The second proposition or chapter in Walton’s recent book The Lost World of Genesis One emphasizes the functional orientation of ancient cosmology. Walton begins by asking what it means for something to “exist”, and in the process he illustrates how existence in numerous cases is not about material or material existence. Curricula may exist in printed form or in a computer file, but really a curriculum exists first and foremost functionally, organizing a university course. In the same way a business’ existence is not the same as the existence of a particular building in which its headquarters happen to be located at some point in time. A computer provides another example, in which all its parts may physically exist long before they are arranged and organized into a functioning computer – but until the latter process occurs, we probably would not say that the computer in question “exists” yet. Through these illustrations, Walton wants to help modern readers to understand how “creation” and “existence” can be more – and potentially other – than the bringing into physical existence of certain kinds of matter.

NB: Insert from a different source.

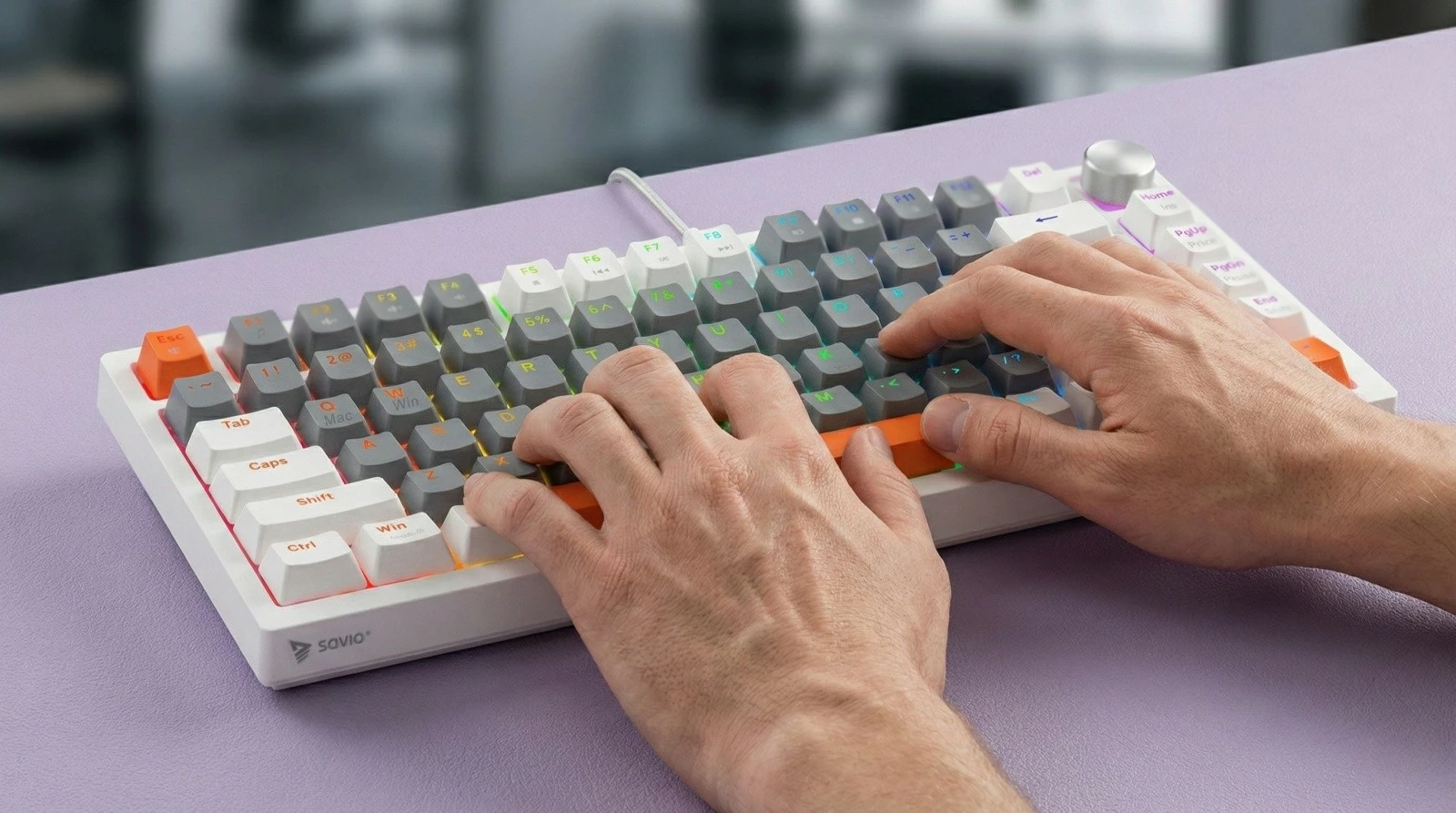 Tastierë magnetike Savio ASTRAL White 82-taste US QWERTY Outemu White Jade Hall RGB USB-C knob multimedia PBT keycaps, e bardhë, set 3 ngjyra kapakësh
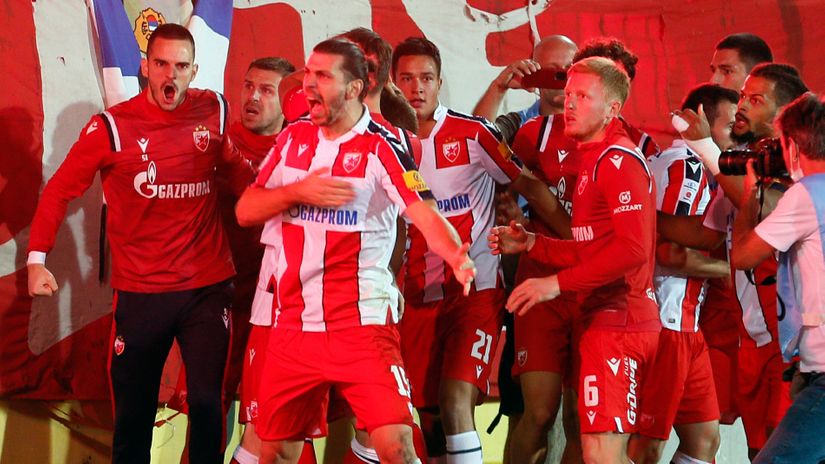 Aleksandar Dragović slavi sa navijačima (©Starsport)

The chapter continues with information about non-Israelite Ancient Near Eastern creation texts. We have evidence from the Babylonians, Sumerians and Egyptians. Although there are important differences between them, some features seem to be shared in common. The most important for Walton’s purpose is the focus on function. Many of these texts begin not with “nothing” in a strict sense but with waters, with a chaos that has not yet been ordered, and yet this very lack of order can be thought of as “non-existence”. Perhaps the most striking moment in the chapter is when Walton writes that “analysts of the ancient Near Eastern creation literature often observe that nothing material is actually made in these accounts” (p.35). They do not make land and water, nor the substances from which humans and other living things will be made, but they take what exists and use it to “create” habitats and beings, to make a functioning cosmos out of the disorganized chaos or from whatever monolithic substance or entity primordially exists.

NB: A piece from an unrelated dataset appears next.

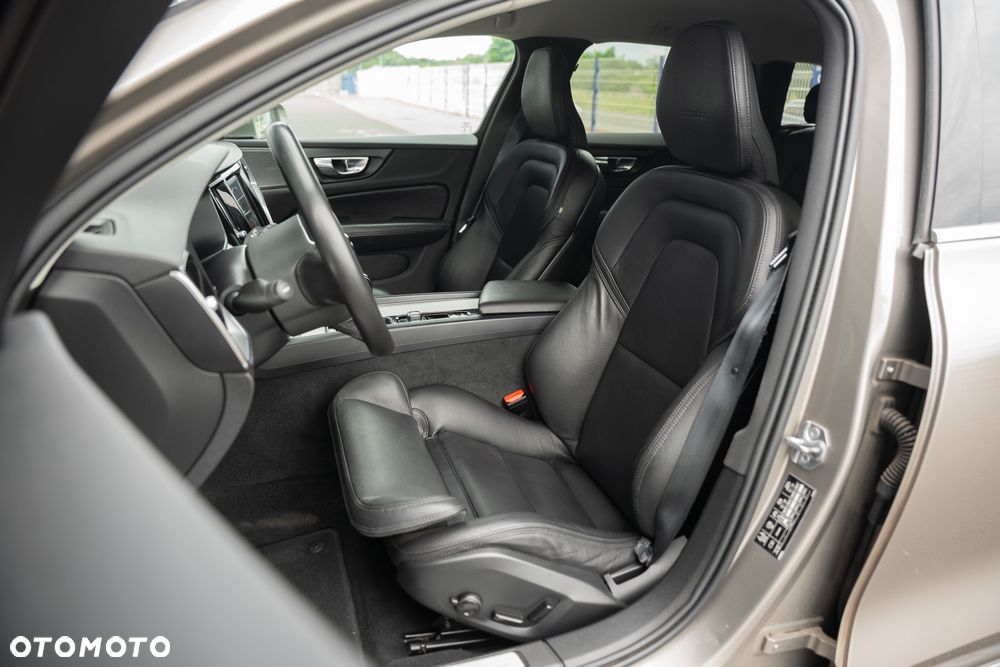 Volvo V60 D4 Drive-E R-Design Momentum - 25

The chapter concludes with Walton noting that most ancient people would have assumed that the gods manufactured the material of creation as well. Here there is, I think, far less agreement than Walton’s unqualified “Absolutely” (p.36) might indicate. It seems that, just as ancient peoples emphasized functional rather than material creation, often times the question of where the raw material or primordial chaos came from was not answered because it simply was not asked in any kind of direct or systematic way. The fact even within Judaism the doctrine of creatio ex nihilo was not mainstreamed until the Middle Ages suggests that even within the tradition of the Genesis creation stories, it was possible to be so oriented on function that questions about material origins were either not asked, or if they were asked, the answers were considered either too speculative or too unimportant to be the focus of much attention. Nevertheless, this point, if it raises some questions about Walton’s unqualified answer to the question he poses, nevertheless supports the contention of this chapter, namely that function was the focus in ancient Near Eastern creation texts. This is an important point, and will inform Walton’s treatment of Genesis in the chapters that follow.